* _INPUT_
::::

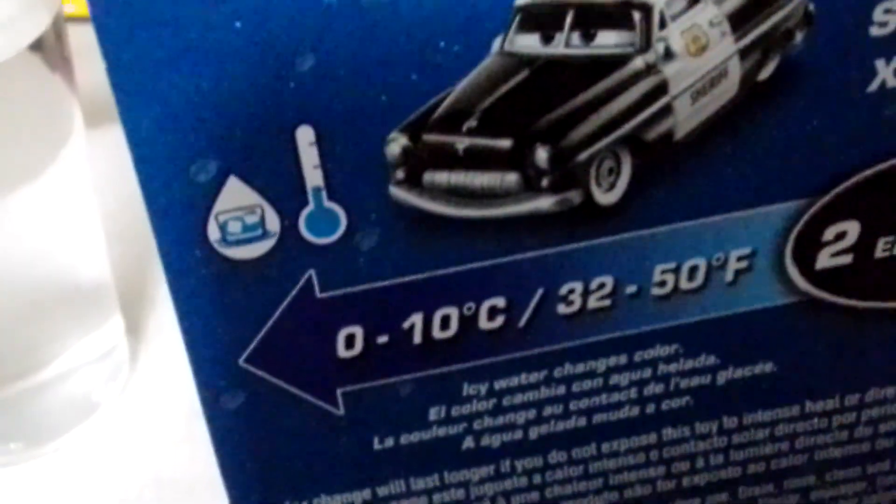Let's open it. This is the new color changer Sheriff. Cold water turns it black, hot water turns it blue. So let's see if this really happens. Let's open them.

::::

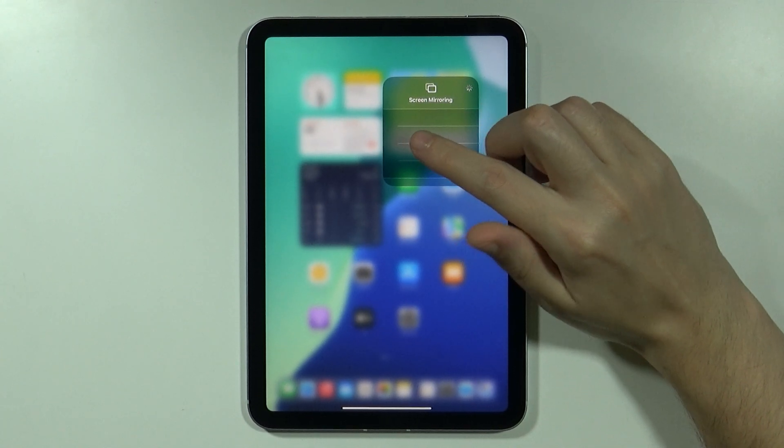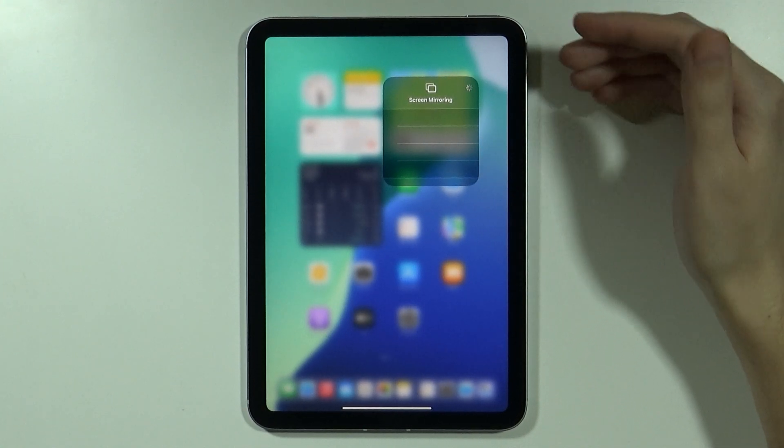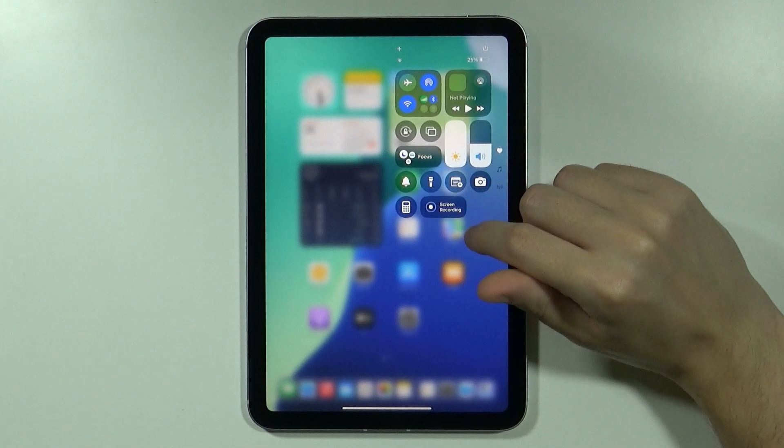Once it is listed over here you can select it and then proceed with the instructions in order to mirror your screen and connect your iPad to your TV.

::::

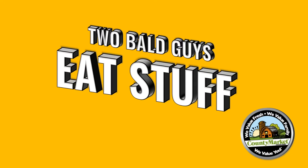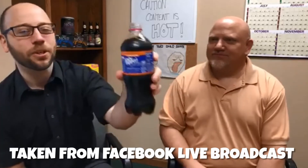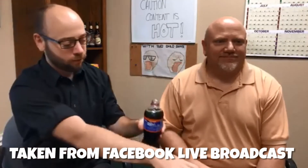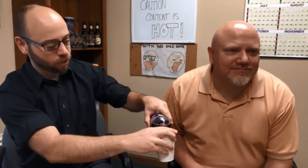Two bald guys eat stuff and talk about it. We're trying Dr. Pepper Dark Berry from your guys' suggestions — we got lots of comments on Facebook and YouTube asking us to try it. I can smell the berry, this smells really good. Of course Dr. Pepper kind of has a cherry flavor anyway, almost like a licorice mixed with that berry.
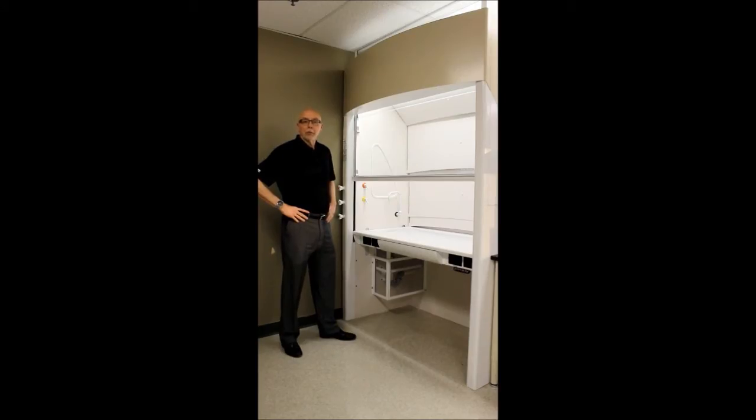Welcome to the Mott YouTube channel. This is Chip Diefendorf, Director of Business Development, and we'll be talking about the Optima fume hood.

::::

* _EXERCISE_
Working from the entries above, reproduce exactly and only the lines beginning with the line that has "Two bald guys" and ending with the line that has "Welcome to the"; omit all pictures.

* _WRITTEN ANSWER_
Two bald guys eat stuff and talk about it. We're trying Dr. Pepper Dark Berry from your guys' suggestions — we got lots of comments on Facebook and YouTube asking us to try it. I can smell the berry, this smells really good. Of course Dr. Pepper kind of has a cherry flavor anyway, almost like a licorice mixed with that berry.
Welcome to the Mott YouTube channel. This is Chip Diefendorf, Director of Business Development, and we'll be talking about the Optima fume hood.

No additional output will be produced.